La reunión fue doblemente preocupante: primero, por involucrar a un líder de la oposición política, y segundo, por incluir a varios de los mismos magistrados que decidirían la validez de las próximas elecciones presidenciales de 2024. Según conversaciones de WhatsApp filtradas de la reunión, Piña presentó explícitamente a Moreno ante los demás invitados como su “aliado” y “amigo”. En lugar de renunciar, lo que justificaba fácilmente la gravedad del conflicto de intereses, Piña ha encabezado la carga contra la reforma judicial, y en los últimos días incluso llevó a la Corte a sumarse a un paro de actividades del poder judicial en protesta.

Como si eso no fuera suficiente, un par de jueces federales intentaron esgrimir la amparo En medio de todo esto, estalló un escándalo con Lourdes Mendoza, columnista de la revista El Financiero periódico, enviando su columna sobre la reforma a la jueza de la Corte Suprema Margarita Ríos-Farjat para su “luz verde” —un oportuno recordatorio de la relación amistosa entre los tribunales y la prensa corporativa, todo en la búsqueda de intereses comunes.

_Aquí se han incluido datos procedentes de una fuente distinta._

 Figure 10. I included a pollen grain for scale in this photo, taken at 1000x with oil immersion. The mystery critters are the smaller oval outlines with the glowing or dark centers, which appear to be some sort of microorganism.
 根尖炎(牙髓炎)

Como primer paso hacia la limpieza de los tribunales, la reforma judicial prevé elecciones directas para la mitad del poder judicial federal en 2025, incluida toda la Corte Suprema, y ​​la otra mitad en 2027. Todos los jueces actuales podrán presentarse como candidatos. Las elecciones serán no partidistas, con una prohibición del uso de financiación privada; en su lugar, los candidatos tendrán tiempo de emisión gratuito en televisión y radio para exponer sus argumentos. Se crearán comités técnicos en ambas cámaras del Congreso para garantizar que los candidatos potenciales cumplan los requisitos básicos de educación y experiencia. Los mandatos de los jueces de la Corte Suprema se reducirán de quince a doce años. Se aplicará la paridad de género, junto con un límite a la duración excesiva de los juicios. Se eliminarán los salarios, beneficios y pensiones excesivos. amparo Se pondrá freno a todo lo que se pueda bloquear y, lo que es crucial, se creará una junta de supervisión independiente con poderes para sancionar, suspender o incluso destituir a jueces corruptos.

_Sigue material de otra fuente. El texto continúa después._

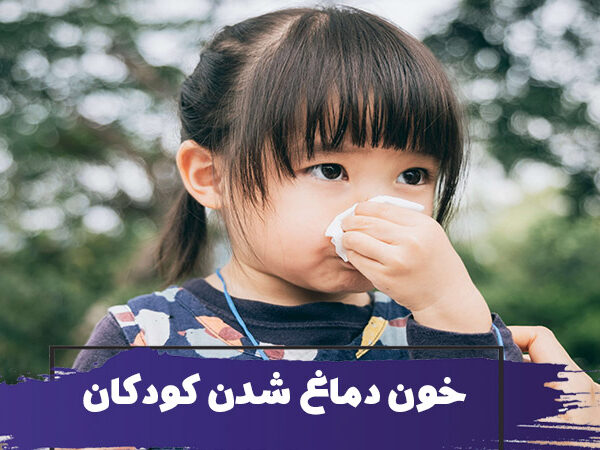 خون دماغ شدن در کودکان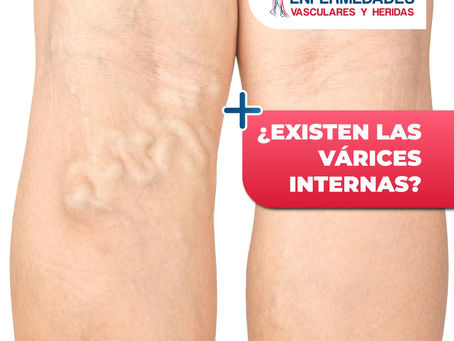 ¿Existen Las Várices Internas? - ClÃnica De Enfermedades Vascular Y De Heridas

Y aunque la reforma judicial se ha convertido en un pararrayos, debe entenderse en el contexto de otras enmiendas constitucionales que el Congreso mexicano considerará en los próximos meses, entre ellas una mayor autonomía para los pueblos indígenas y afromexicanos; mayores protecciones salariales, de vivienda y de pensiones; y una prohibición del fracking, la minería a cielo abierto y el maíz transgénico para consumo humano. No es de extrañar que la comunidad empresarial multinacional y sus portavoces en las embajadas estén preocupados, no sólo por los límites que las reformas impondrán a su capacidad de actuar con impunidad respaldada por la justicia, sino también por el temor de que un precedente de ese tipo pueda extenderse a lugares como Estados Unidos, que apenas está empezando a emprender su propio intento, mucho más modesto, de reformar una Corte Suprema descontrolada y arrogante. “El miedo a un buen ejemplo”, como lo expresa el periodista y activista Eugene Puryear.